Pearson:  My hope is always that I can capture a place and a way of talking through
syntax rather than by corrupting spelling. Biblical turns of phrase are still fairly common in the South, and I generally aim to create characters raised on the Old Testament, or at least exposed to it sufficiently throughout their lives to have soaked it in. I find idiomatic Southernisms, not a “g” in sight ­ painful to read.

Slushpile:  How conscious are you of voice and style when you write? Is it something that just comes naturally or do you consciously work at achieving a certain sound?

Pearson:  I’m primarily interested in the narrative voice, so thats’s what I nail down
first, and then I move onto the deeper recesses of character and plot.

Slushpile:  After ten novels, what prompted you to take on the nonfiction project of Seaworthy?

Pearson:  I wasn’t at all sure I could sell another novel.

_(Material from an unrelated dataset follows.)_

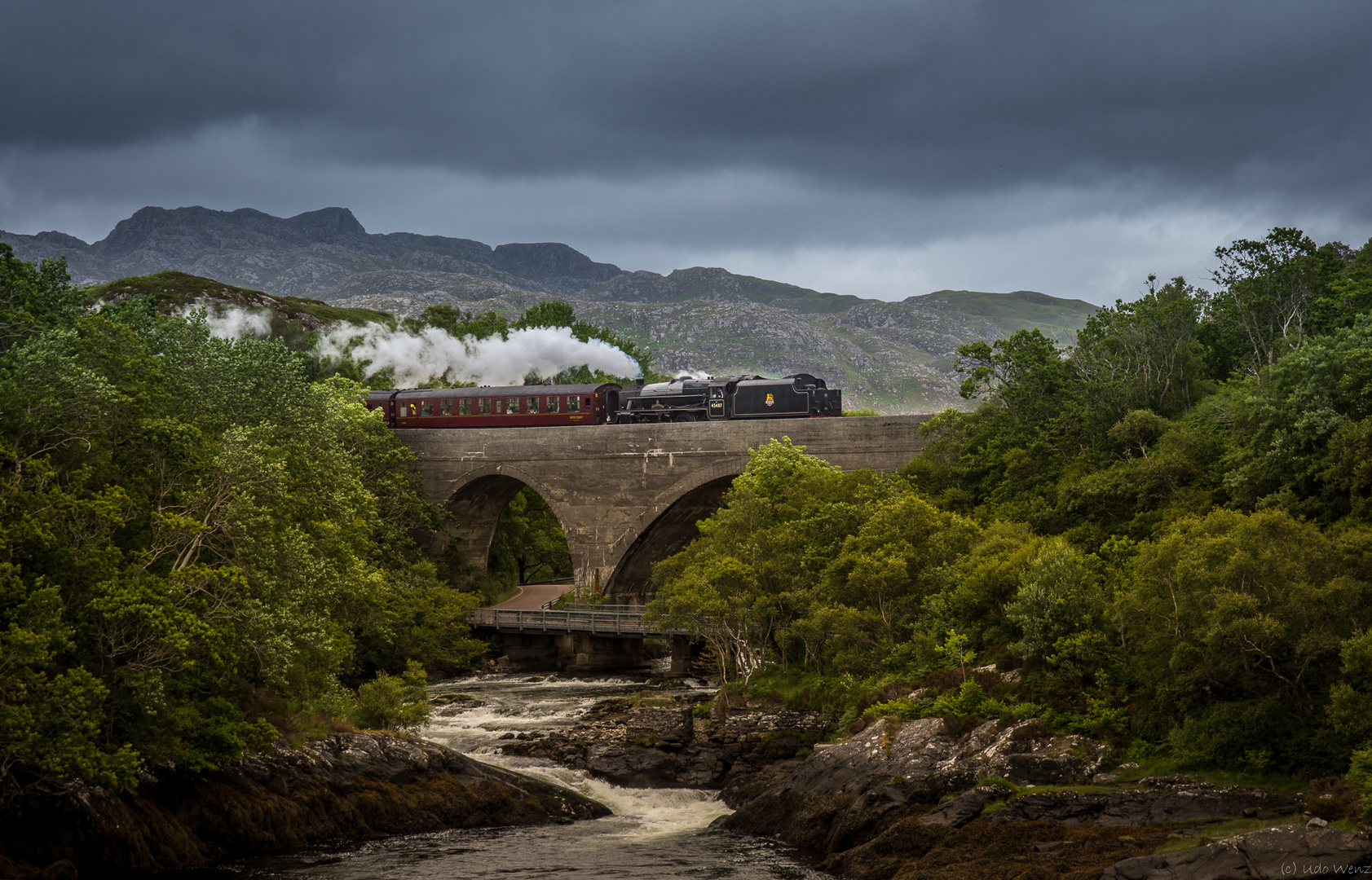 *Jacobite Steam Train*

Nonfiction is much more appealing to publishers just now, so I went looking for the sort of actual human who might engage to me like a fictional character would, and I was lucky enough to come across William Willis.

Slushpile:  Nonfiction books these days seem to often include the author going on some journey, or immersing themselves into the experience. I get these incredibly vivid images of an eager publicist saying “why don’t you try to raft from New York to Washington DC for your book tour?!?!” Did you try any rafting or sailing at all while working on this book?

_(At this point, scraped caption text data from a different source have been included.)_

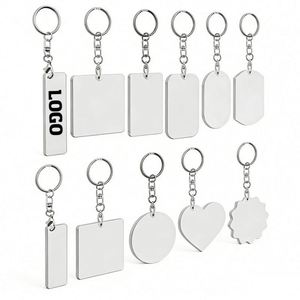 Llaveros Sublimables con Logotipo de Empresa, Llaveros Personalizados para Regalos Promocionales - Product Image 1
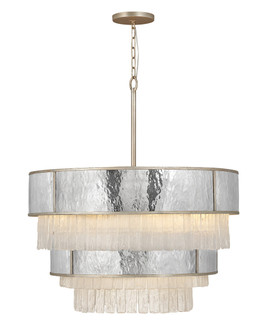 Mid. Chandeliers Drum Shade by Fredrick Ramond ( 138 | FR32705CPG Reverie ) 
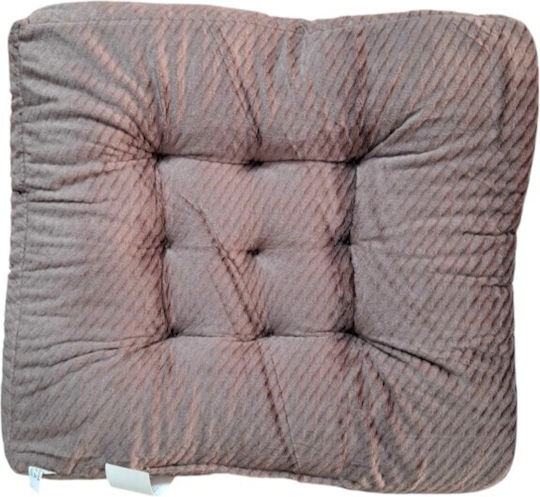 Μαξιλάρι Καρέκλας Κήπου Brown 40x40εκ.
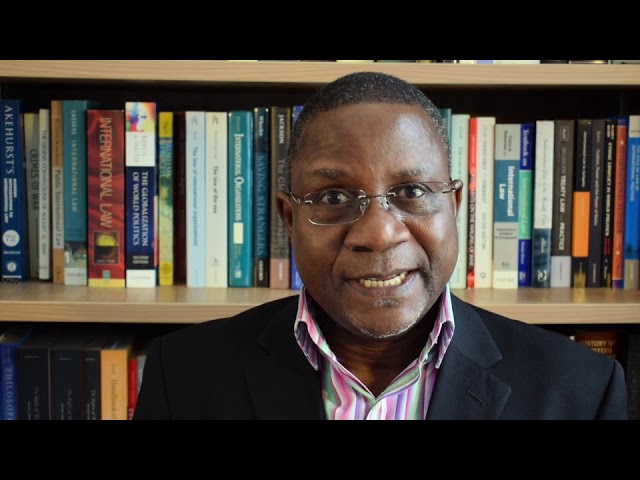 Law and development in Africa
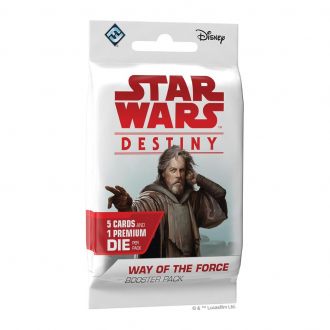 extrait jeux-de-societe Star Wars Destiny - Way of the Force Booster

Pearson:  I’ve sailed a little, but I left myself out of this book on purpose. Seaworthy is intended to be Willis’s stage. My agent agitated for a chapter on how I’d come across Willis, but I wouldn’t even write that. It’s Willis’s book. Truth be told, I don’t even care how I found him.

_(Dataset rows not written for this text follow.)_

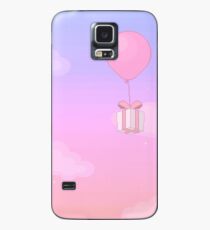 Tierüberquerung Sonnenuntergang Hülle & Klebefolie für Samsung Galaxy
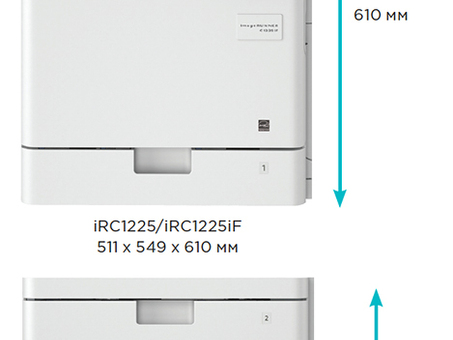 МФУ Canon imageRUNNER C1225 (9548B008)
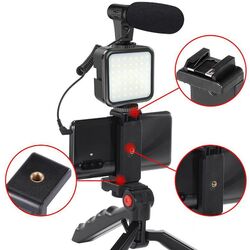 Kit vlogger 4in1 Platinet 45596 (Black) Thumb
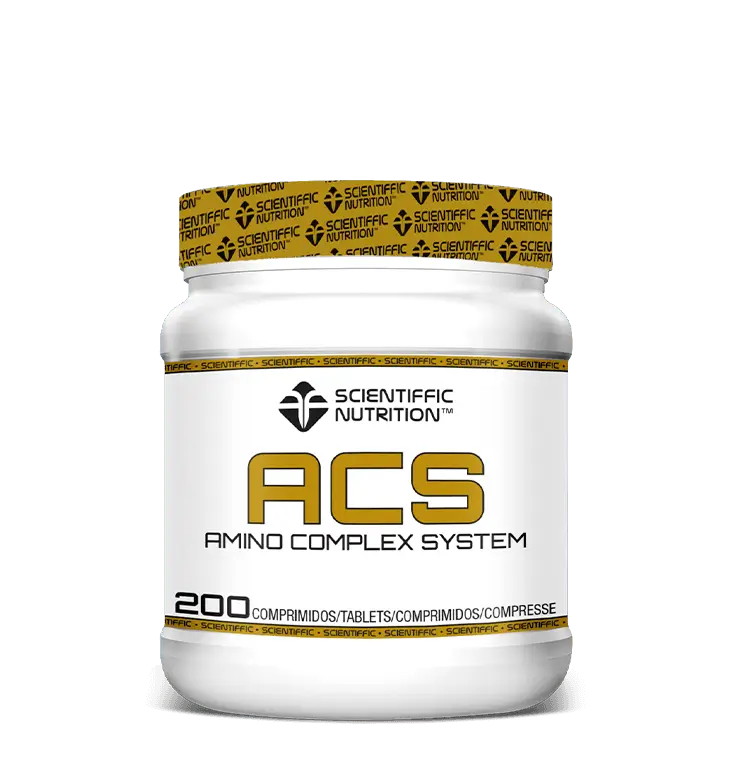 Scientiffic Nutrition Acs Amino, 200 Tabletten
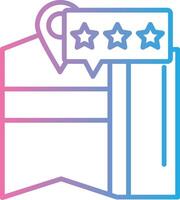 Rating Isometric Web Illustration vector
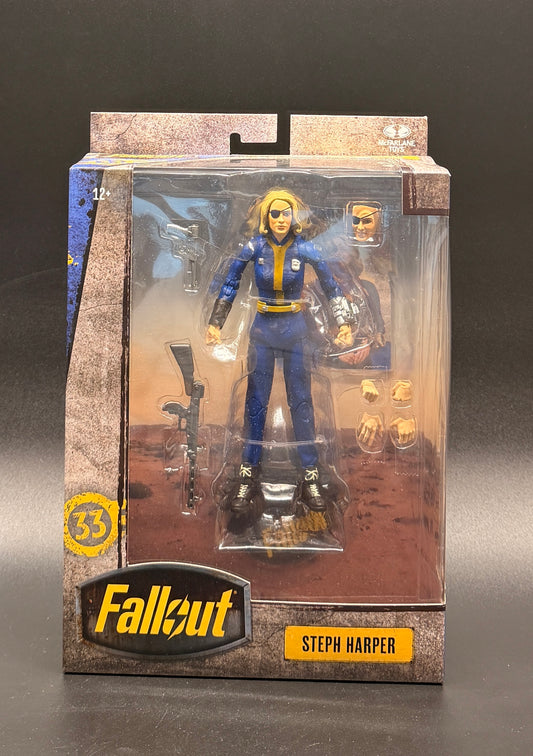 "Steph Harper" Fallout 7-in Action Figure McFarlane Toys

Slushpile:  The subject of Seaworthy, William Willis published his own accounts of his journeys. Since those records exist (although they’re probably out of print), what did you think was your role in retelling the story?

Pearson:  I think of Willis and his time as a bit of secret history. Every book of the era, with the exception of Kon-Tiki: Across the Pacific by Raft, is long out of print. So I hoped to bring Willis back to public view along with a few of his odder contemporaries. I also found Willis to be more than a little prescient in his habits and practices. He was well ahead of his time and would fit in perfectly in our day. I do think of him as one of the first (if not the first) endurance athletes.

Slushpile:  William Willis saw his quest to travel from South America to Australia as “an endurance test–endurance of body and mind.” Completing a book is also an endurance test for new writers. Granted, they don’t have to drink saltwater and dangle from the mast, but finishing a novel or nonfiction book is definitely a challenge. What do you do when you feel your energy flagging and you’re in the middle of a new project? How do you keep yourself motivated and energized?

Pearson:  I simply stick to my routine. I write in the mornings, and when I leave my
desk, I leave my work there. I know writing books is long labor, and I’m prepared for it.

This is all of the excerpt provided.